### Dataset content
== Segment start ==

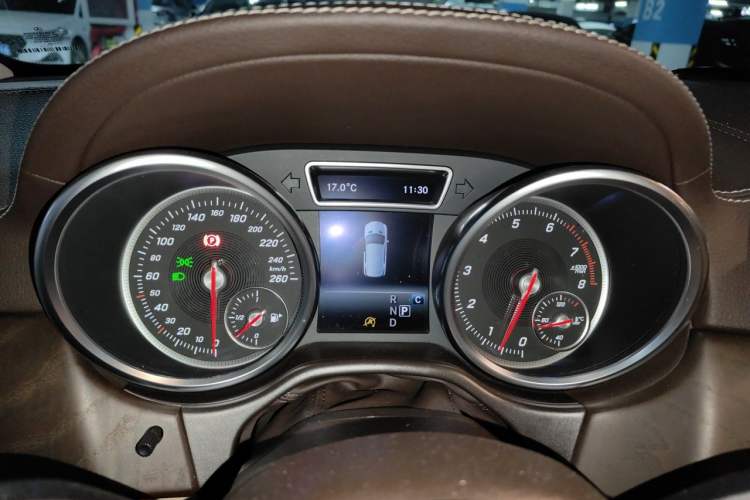 Used Mercedes-Benz GLE 2017 GLE 400 4MATIC Instrument Cluster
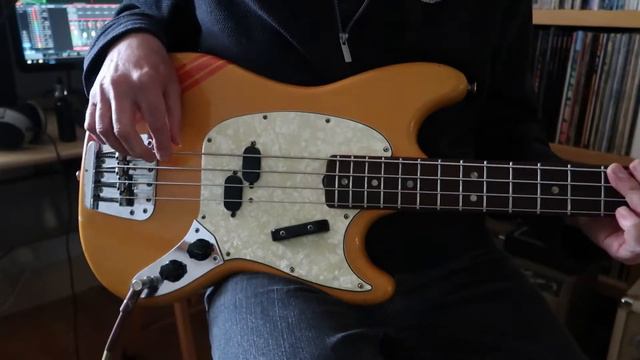 1969 Fender Mustang Bass demo смотреть онлайн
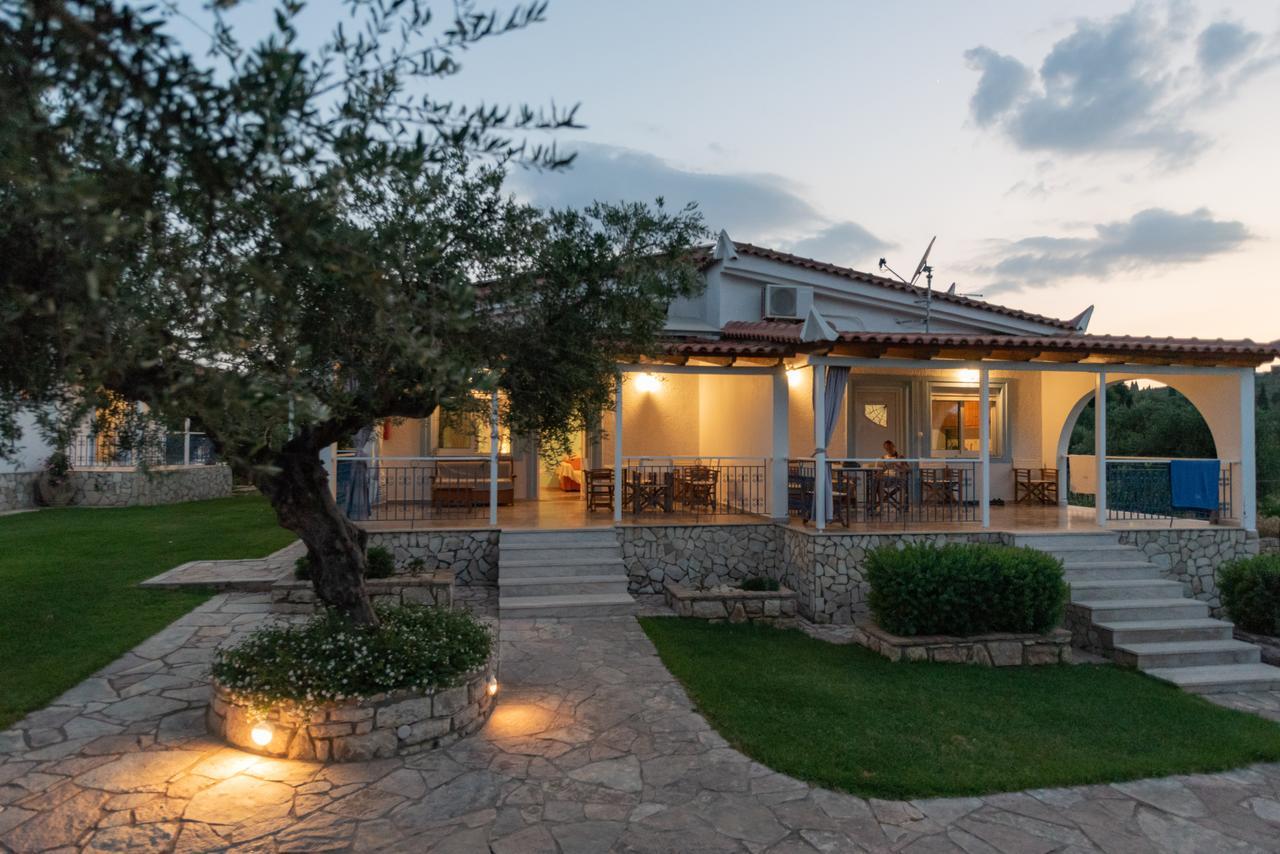 Villa Tasos Koutsoubos Koróni Eksteriør bilde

== Segment end ==

### Activity
Reproduce exactly, and only, the lines from the one with "1969 Fender Mustang" to the final line of the listing above; the pictures are to be left out.

### Output of the exercise
 1969 Fender Mustang Bass demo смотреть онлайн
 Villa Tasos Koutsoubos Koróni Eksteriør bilde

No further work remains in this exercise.